• **Your task**:
Find the line with "I Love You Like Yellow" in the entries below. Repeat it, every following line, and the line with "campaña de eFootball?", exactly and with nothing added.

:: Supplied records

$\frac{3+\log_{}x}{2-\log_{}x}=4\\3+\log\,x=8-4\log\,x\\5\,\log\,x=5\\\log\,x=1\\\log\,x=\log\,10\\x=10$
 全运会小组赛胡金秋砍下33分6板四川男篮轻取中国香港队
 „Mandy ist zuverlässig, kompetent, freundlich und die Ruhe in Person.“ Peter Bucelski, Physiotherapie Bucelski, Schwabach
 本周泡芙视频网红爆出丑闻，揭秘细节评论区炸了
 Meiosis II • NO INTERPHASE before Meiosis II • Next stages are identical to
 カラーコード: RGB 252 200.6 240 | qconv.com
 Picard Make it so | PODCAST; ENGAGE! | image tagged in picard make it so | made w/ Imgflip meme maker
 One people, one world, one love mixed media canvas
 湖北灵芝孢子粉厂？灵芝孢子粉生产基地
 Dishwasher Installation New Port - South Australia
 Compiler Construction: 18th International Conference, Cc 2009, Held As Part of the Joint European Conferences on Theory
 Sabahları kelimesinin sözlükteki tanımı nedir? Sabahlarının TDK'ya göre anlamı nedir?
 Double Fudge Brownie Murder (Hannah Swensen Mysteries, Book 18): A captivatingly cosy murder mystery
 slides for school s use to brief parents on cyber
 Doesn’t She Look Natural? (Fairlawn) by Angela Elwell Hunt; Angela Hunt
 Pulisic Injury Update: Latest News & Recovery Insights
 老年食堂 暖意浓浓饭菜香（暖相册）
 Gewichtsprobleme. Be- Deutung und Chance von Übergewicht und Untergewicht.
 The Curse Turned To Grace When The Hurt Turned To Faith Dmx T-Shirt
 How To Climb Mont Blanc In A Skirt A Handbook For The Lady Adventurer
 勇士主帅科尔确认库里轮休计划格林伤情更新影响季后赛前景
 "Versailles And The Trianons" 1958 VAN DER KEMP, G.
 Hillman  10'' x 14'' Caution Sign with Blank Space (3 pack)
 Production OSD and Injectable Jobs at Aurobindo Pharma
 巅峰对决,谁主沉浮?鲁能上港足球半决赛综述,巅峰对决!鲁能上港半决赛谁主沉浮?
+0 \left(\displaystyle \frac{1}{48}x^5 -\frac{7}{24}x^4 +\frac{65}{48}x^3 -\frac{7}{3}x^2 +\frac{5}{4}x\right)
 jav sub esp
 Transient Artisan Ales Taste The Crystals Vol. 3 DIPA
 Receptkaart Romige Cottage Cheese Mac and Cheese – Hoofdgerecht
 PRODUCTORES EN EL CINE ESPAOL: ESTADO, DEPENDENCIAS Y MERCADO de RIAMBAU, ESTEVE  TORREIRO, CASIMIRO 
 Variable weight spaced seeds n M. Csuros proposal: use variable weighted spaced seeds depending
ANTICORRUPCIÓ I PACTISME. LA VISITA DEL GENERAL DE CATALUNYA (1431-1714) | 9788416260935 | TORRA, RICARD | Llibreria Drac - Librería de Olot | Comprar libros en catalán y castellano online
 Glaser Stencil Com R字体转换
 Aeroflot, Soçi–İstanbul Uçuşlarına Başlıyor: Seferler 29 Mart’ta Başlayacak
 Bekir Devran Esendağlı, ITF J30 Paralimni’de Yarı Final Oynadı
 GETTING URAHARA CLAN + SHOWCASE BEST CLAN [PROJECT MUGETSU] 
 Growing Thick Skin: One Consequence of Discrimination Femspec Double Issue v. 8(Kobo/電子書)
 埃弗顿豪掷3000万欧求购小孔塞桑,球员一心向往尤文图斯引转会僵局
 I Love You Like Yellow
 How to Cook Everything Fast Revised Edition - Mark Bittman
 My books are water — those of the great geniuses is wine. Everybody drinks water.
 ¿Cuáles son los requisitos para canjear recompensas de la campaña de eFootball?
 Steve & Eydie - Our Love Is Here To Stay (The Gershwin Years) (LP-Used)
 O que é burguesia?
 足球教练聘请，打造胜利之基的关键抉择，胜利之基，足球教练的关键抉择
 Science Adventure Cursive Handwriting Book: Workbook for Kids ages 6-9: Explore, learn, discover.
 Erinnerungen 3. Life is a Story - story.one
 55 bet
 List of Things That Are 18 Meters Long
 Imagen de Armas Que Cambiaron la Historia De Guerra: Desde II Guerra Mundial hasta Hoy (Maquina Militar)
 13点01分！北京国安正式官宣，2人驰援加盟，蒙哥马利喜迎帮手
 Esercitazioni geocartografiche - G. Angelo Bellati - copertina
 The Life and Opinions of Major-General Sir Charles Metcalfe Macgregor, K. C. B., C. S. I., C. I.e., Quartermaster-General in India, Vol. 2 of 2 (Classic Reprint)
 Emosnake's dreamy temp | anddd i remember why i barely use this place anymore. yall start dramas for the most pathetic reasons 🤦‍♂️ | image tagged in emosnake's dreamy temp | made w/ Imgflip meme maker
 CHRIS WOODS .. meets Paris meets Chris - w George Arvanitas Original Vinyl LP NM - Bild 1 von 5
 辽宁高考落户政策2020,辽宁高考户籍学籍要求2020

::::

• **Written solution**:
 I Love You Like Yellow
 How to Cook Everything Fast Revised Edition - Mark Bittman
 My books are water — those of the great geniuses is wine. Everybody drinks water.
 ¿Cuáles son los requisitos para canjear recompensas de la campaña de eFootball?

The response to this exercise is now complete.